▶ _Task instructions_
None of the images should appear in your copy. Transcribe the data in full.

▶ _Dataset section_
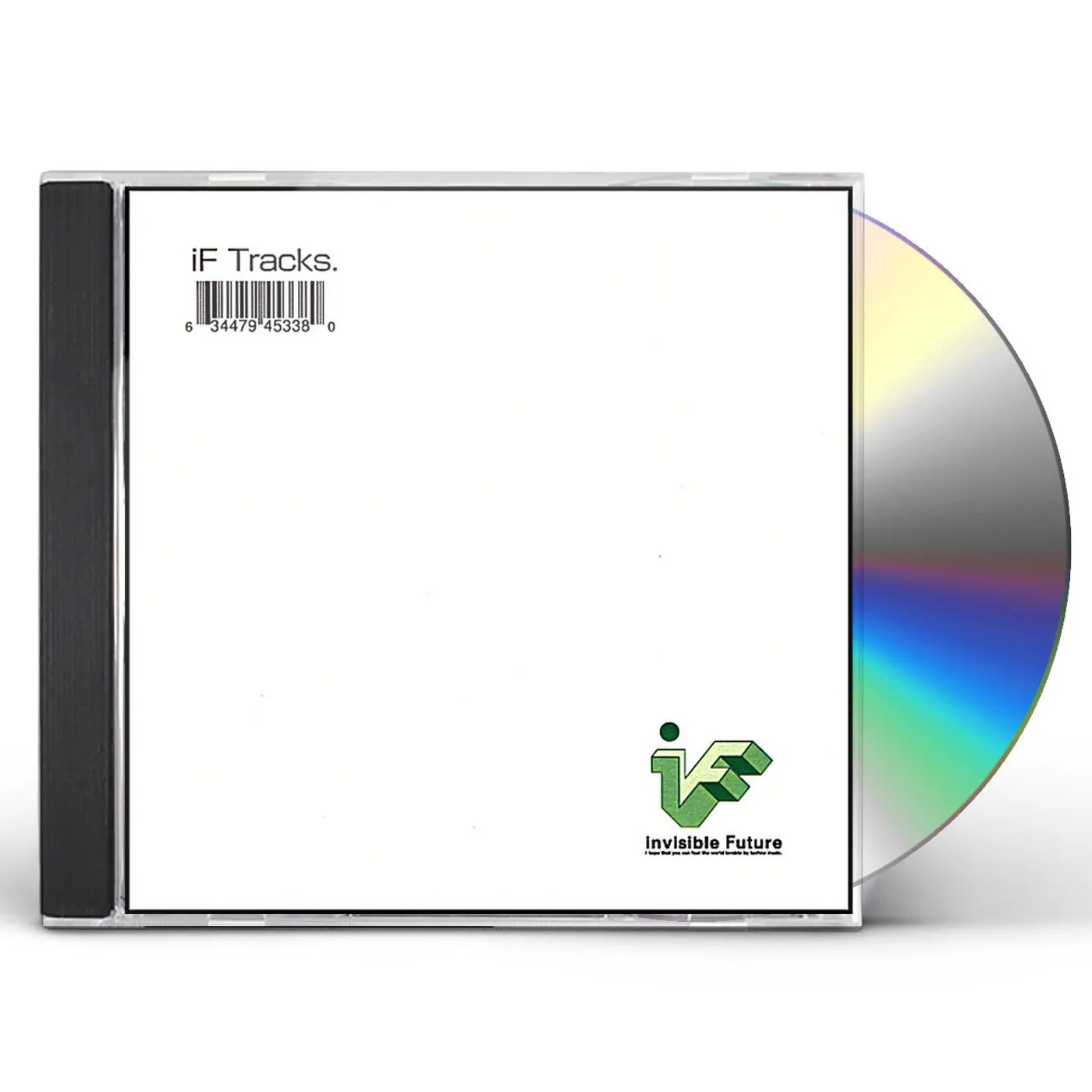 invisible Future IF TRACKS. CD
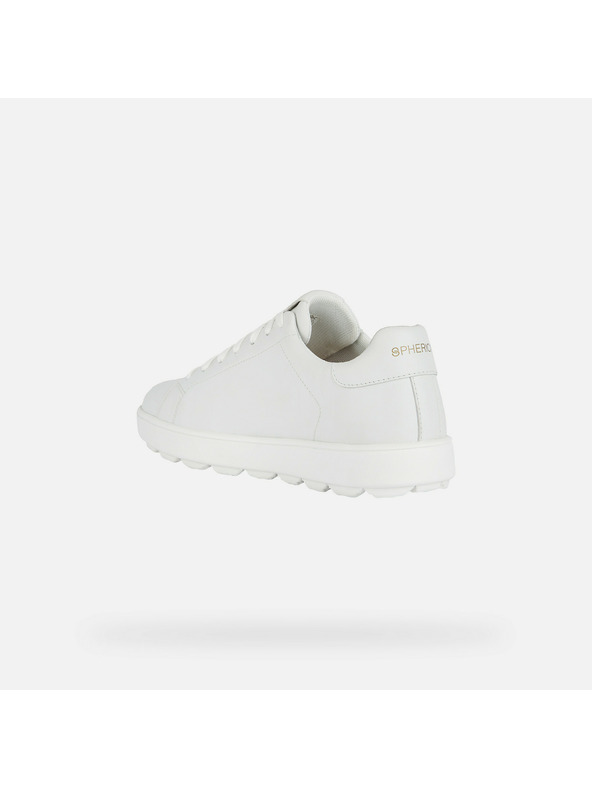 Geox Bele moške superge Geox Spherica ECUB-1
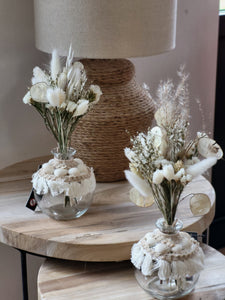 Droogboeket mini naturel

▶ _Exercise output_
 invisible Future IF TRACKS. CD
 Geox Bele moške superge Geox Spherica ECUB-1
 Droogboeket mini naturel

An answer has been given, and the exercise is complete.